─── Records for this task ───

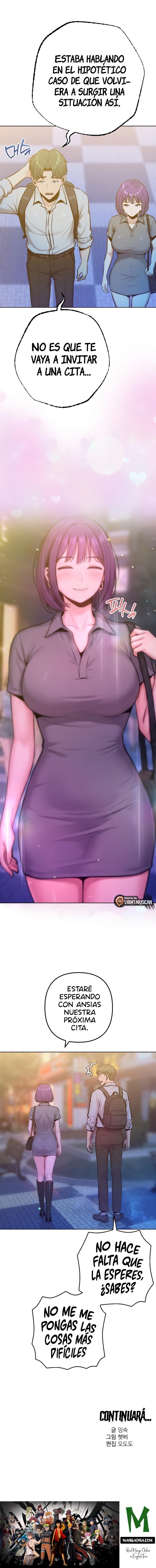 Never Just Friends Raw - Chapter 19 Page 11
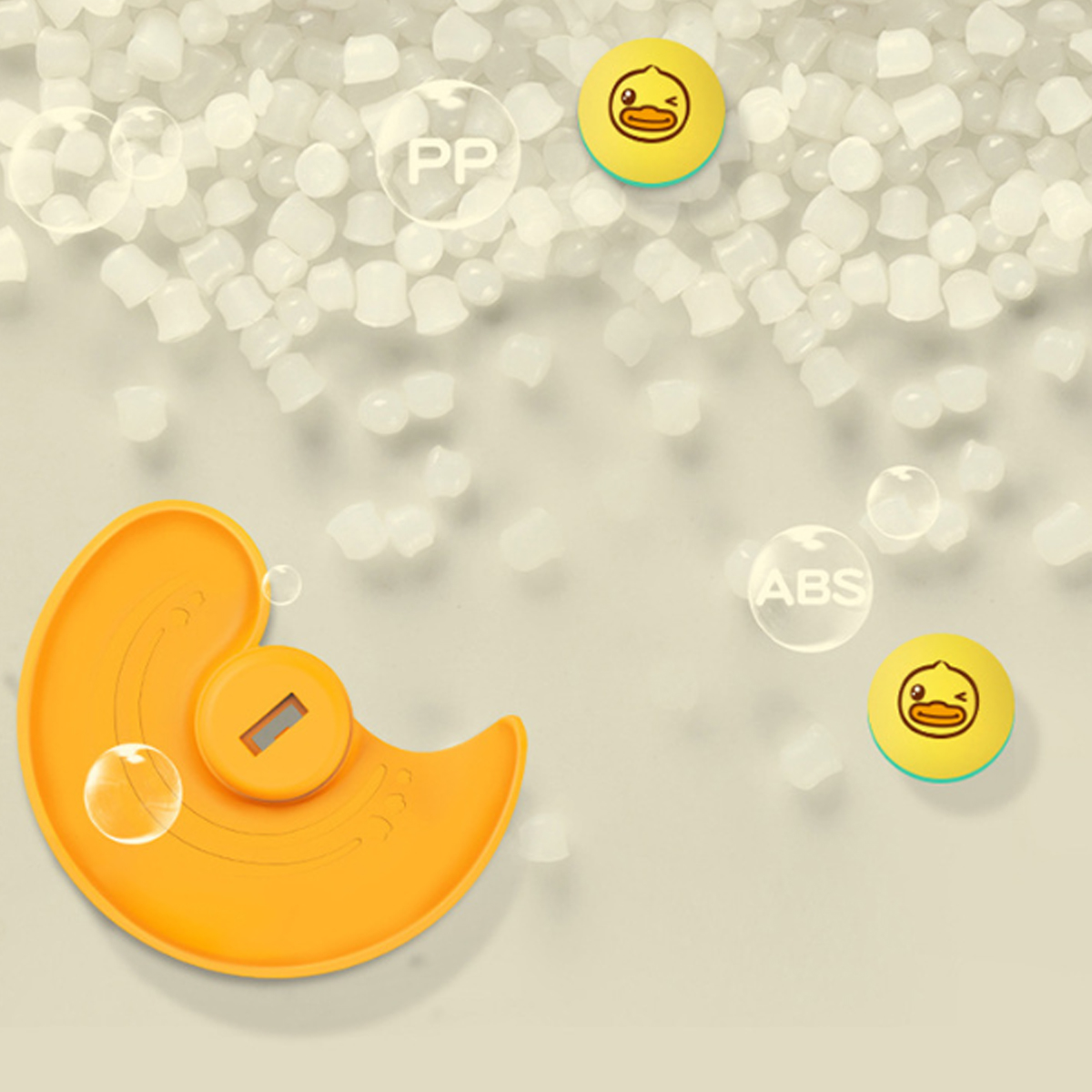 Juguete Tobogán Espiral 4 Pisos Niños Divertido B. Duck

───
─── Records for this task ───

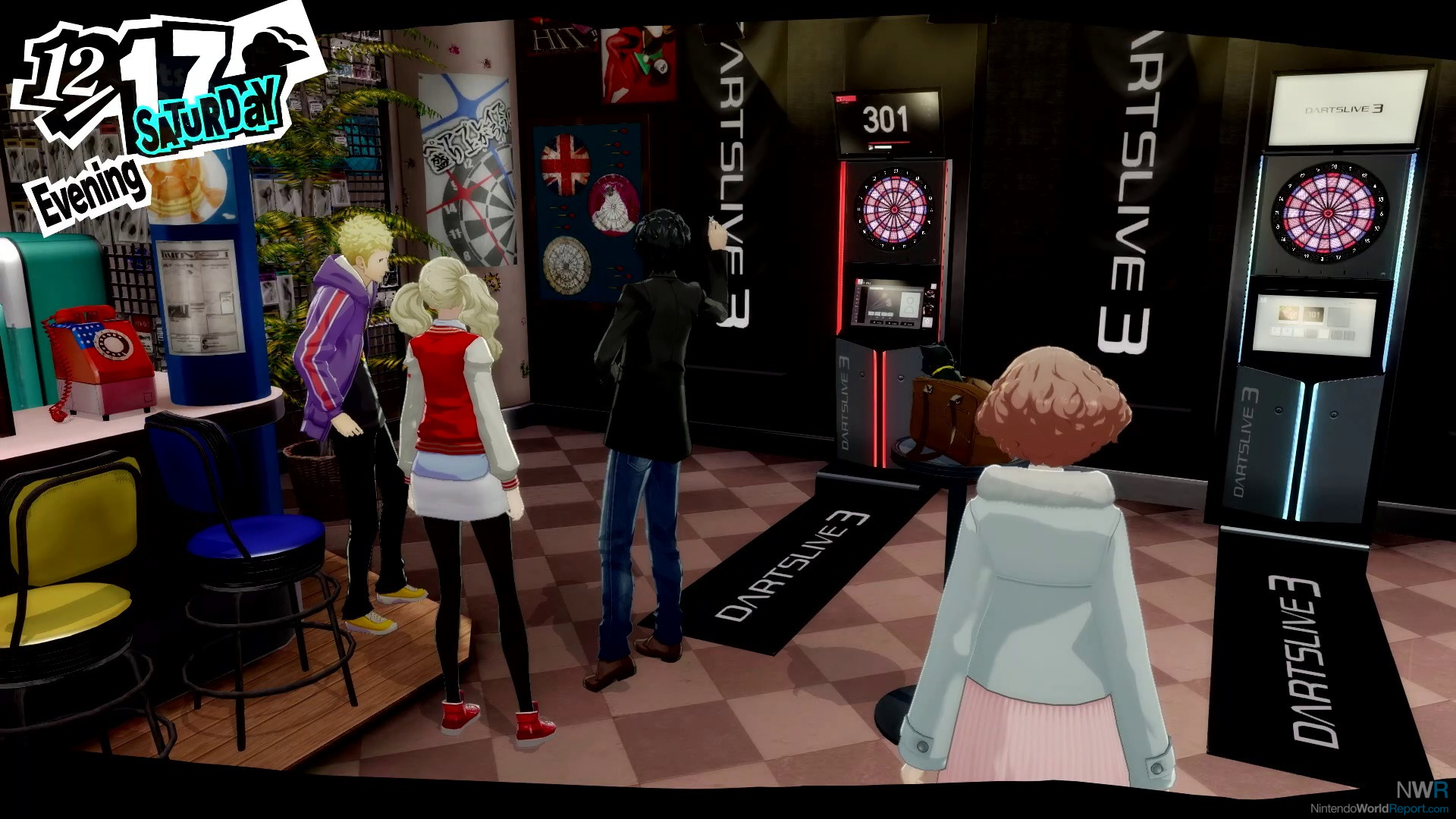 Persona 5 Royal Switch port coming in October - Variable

───
─── Records for this task ───

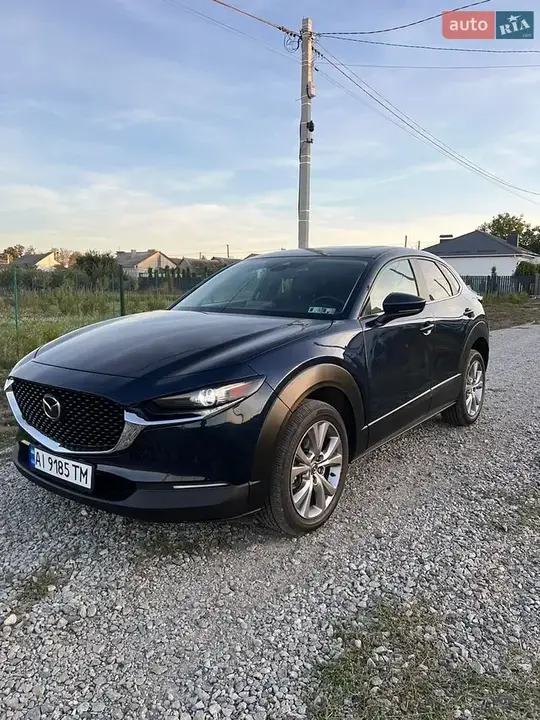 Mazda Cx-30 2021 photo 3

───

**What you are asked to do:**
The response must repeat exactly the lines above from the one with "Never Just Friends Raw - Chapter 19 Page 11" through the one with "Juguete Tobogán Espiral", including both, and must contain no pictures and no other text.

**Expected answer:**
 Never Just Friends Raw - Chapter 19 Page 11
 Juguete Tobogán Espiral 4 Pisos Niños Divertido B. Duck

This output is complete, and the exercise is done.